■ Task details ■
All of the data below should be printed again exactly, pictures excluded.

Captioned web image data
○ ○ ○ ○ ○

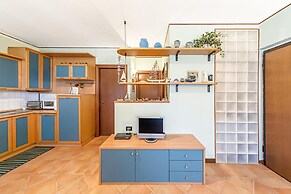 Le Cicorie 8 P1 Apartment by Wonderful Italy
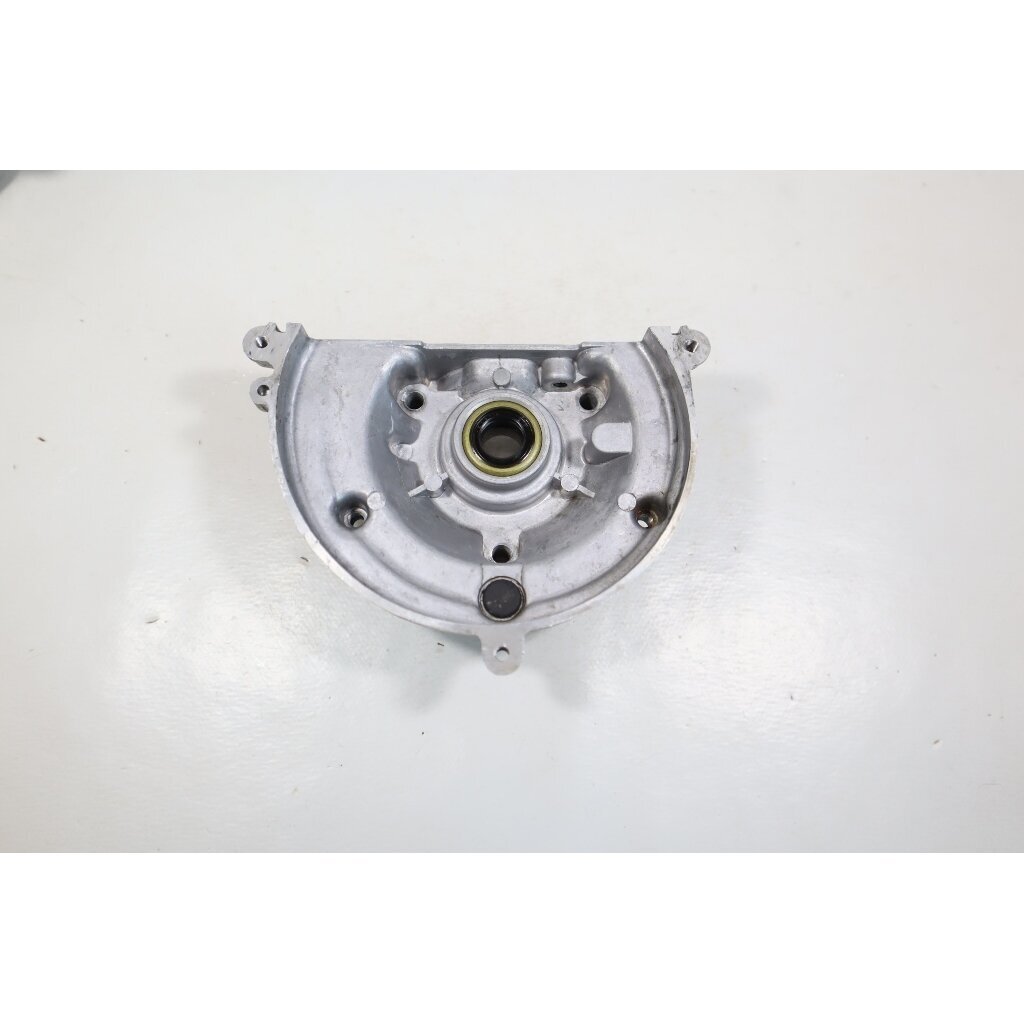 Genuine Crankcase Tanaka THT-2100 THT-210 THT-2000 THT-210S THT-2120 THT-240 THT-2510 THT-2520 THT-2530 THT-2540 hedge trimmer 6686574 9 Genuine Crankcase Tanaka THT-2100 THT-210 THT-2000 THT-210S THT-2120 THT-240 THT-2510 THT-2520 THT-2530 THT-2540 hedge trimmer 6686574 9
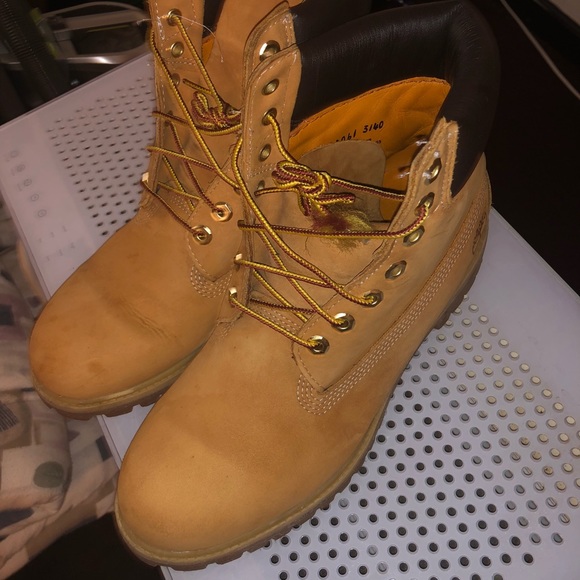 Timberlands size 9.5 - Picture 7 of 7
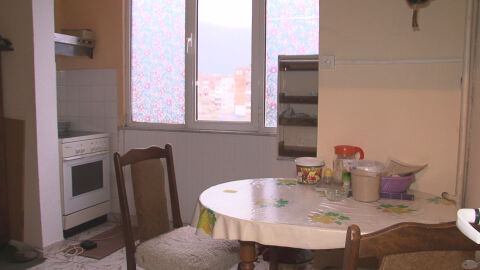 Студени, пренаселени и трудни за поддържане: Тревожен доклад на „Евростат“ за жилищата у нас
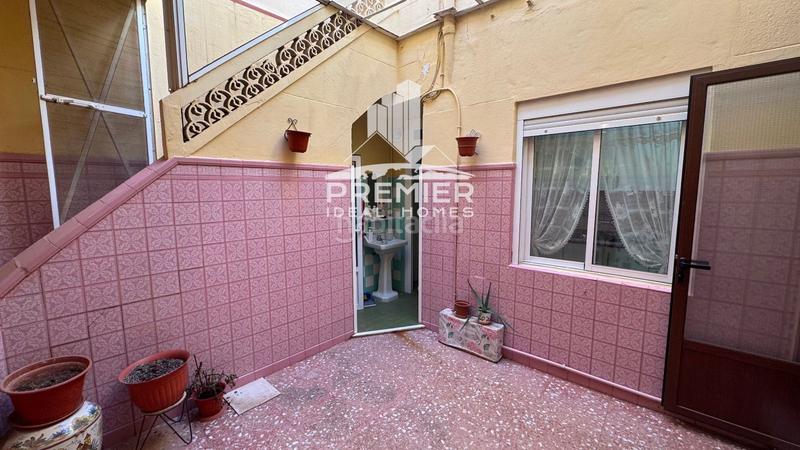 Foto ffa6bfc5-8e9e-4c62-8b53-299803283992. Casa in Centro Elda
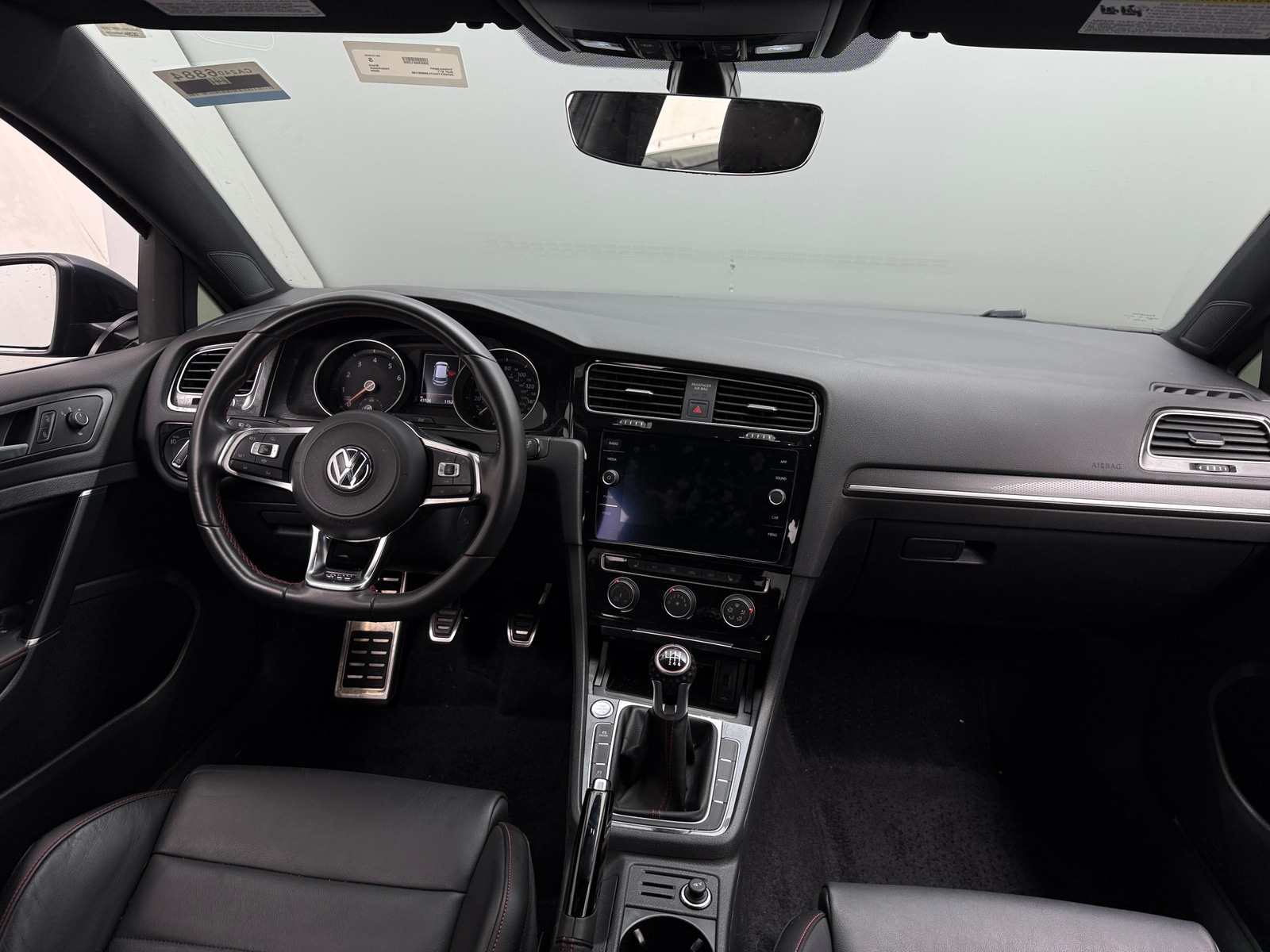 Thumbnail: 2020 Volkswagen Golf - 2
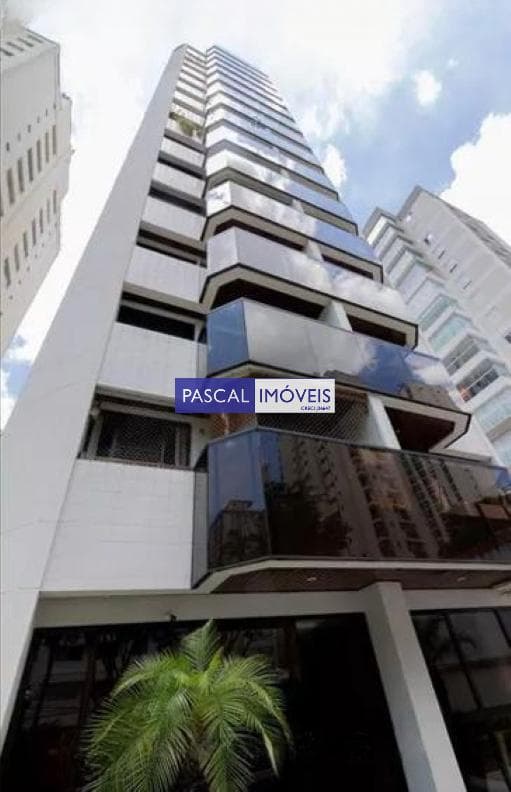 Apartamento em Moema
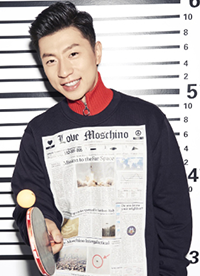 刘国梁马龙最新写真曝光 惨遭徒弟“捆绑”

○ ○ ○ ○ ○

■ Response to this exercise ■
 Le Cicorie 8 P1 Apartment by Wonderful Italy
 Genuine Crankcase Tanaka THT-2100 THT-210 THT-2000 THT-210S THT-2120 THT-240 THT-2510 THT-2520 THT-2530 THT-2540 hedge trimmer 6686574 9 Genuine Crankcase Tanaka THT-2100 THT-210 THT-2000 THT-210S THT-2120 THT-240 THT-2510 THT-2520 THT-2530 THT-2540 hedge trimmer 6686574 9
 Timberlands size 9.5 - Picture 7 of 7
 Студени, пренаселени и трудни за поддържане: Тревожен доклад на „Евростат“ за жилищата у нас
 Foto ffa6bfc5-8e9e-4c62-8b53-299803283992. Casa in Centro Elda
 Thumbnail: 2020 Volkswagen Golf - 2
 Apartamento em Moema
 刘国梁马龙最新写真曝光 惨遭徒弟“捆绑”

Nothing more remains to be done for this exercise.